Any engineer or mathematician will be familiar with fourier transforms which in engineering are used to extract frequency information from an amplitude/time signal. The limitation of fourier is that it tells you nothing about when in a signal the high or low frequency components are found. Wavelet transformations provide information resolved in time as well as frequency.
My understanding comes mainly from reading this site from Rowan University’s electronics department.
A sample waveform (mother wavelet ) is multiplied, integrated and energy normalised across the input signal with its position along the input signal time base being varied (time resolution) and with the width (scale) of the mother wavelet being varied (frequency resolution).
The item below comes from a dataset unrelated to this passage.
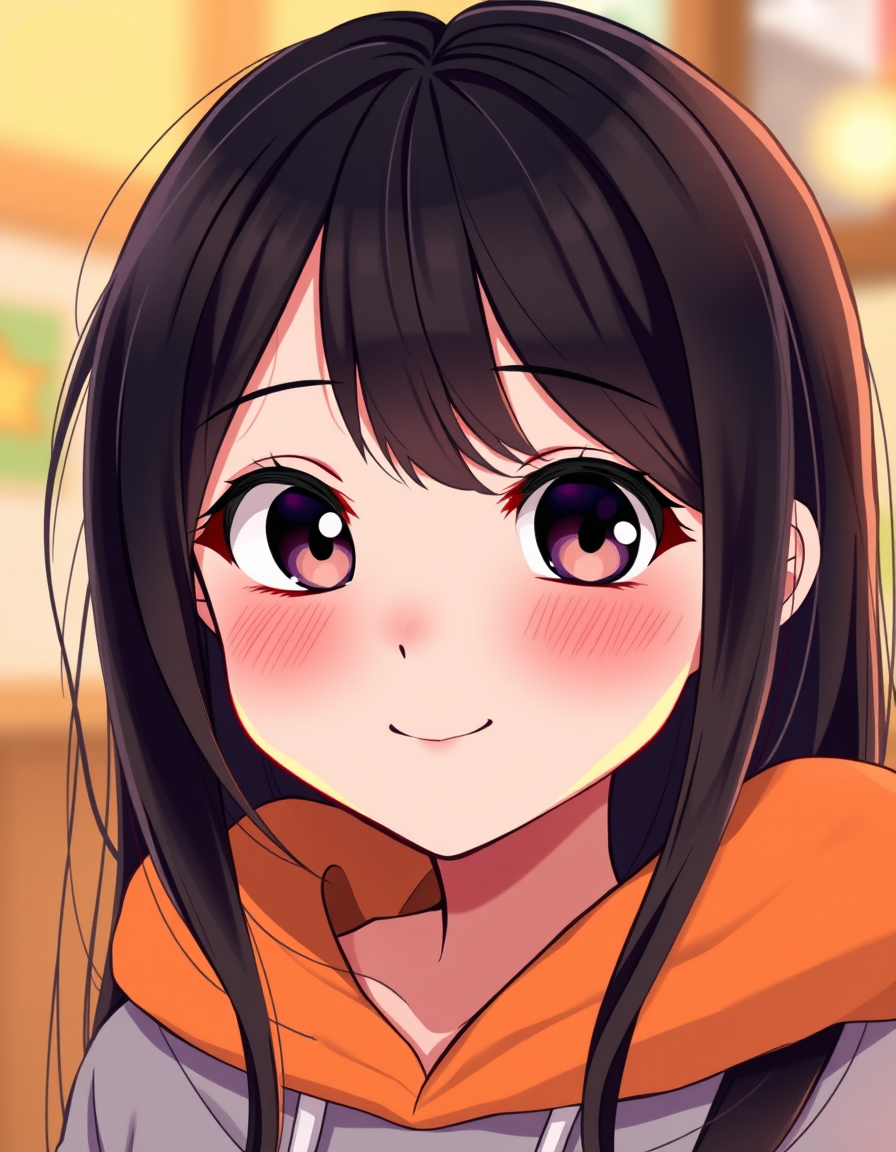 Anime idea: anime style, vibrant colors, expressive eyes, cute 17-year-old Vietnamese girl, 1m66, petite and pretty, soft anime illustration, long straight black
The transform is generally reversible so that the original signal can be recovered, and like fourier a digital version is available and actually requires fewer calculations than the fourier.
What I am not clear on from a quick scan of the literature on the web is how you choose a mother wavelet, clearly the function describing your wavelet has be tractable within the maths of the transformation but there are several possibilities. The abstract of Moortel et al suggests that a tighter wavelet (such as the Paul) will give better time resolution and a broader multipeaked mother wavelet like the Morlet will give better frequency resolution. This seems perfectly logical, but I wonder whether in practice what you do is choose a mother wavelet whose shape most closely matches that of the signal you are looking for in the data.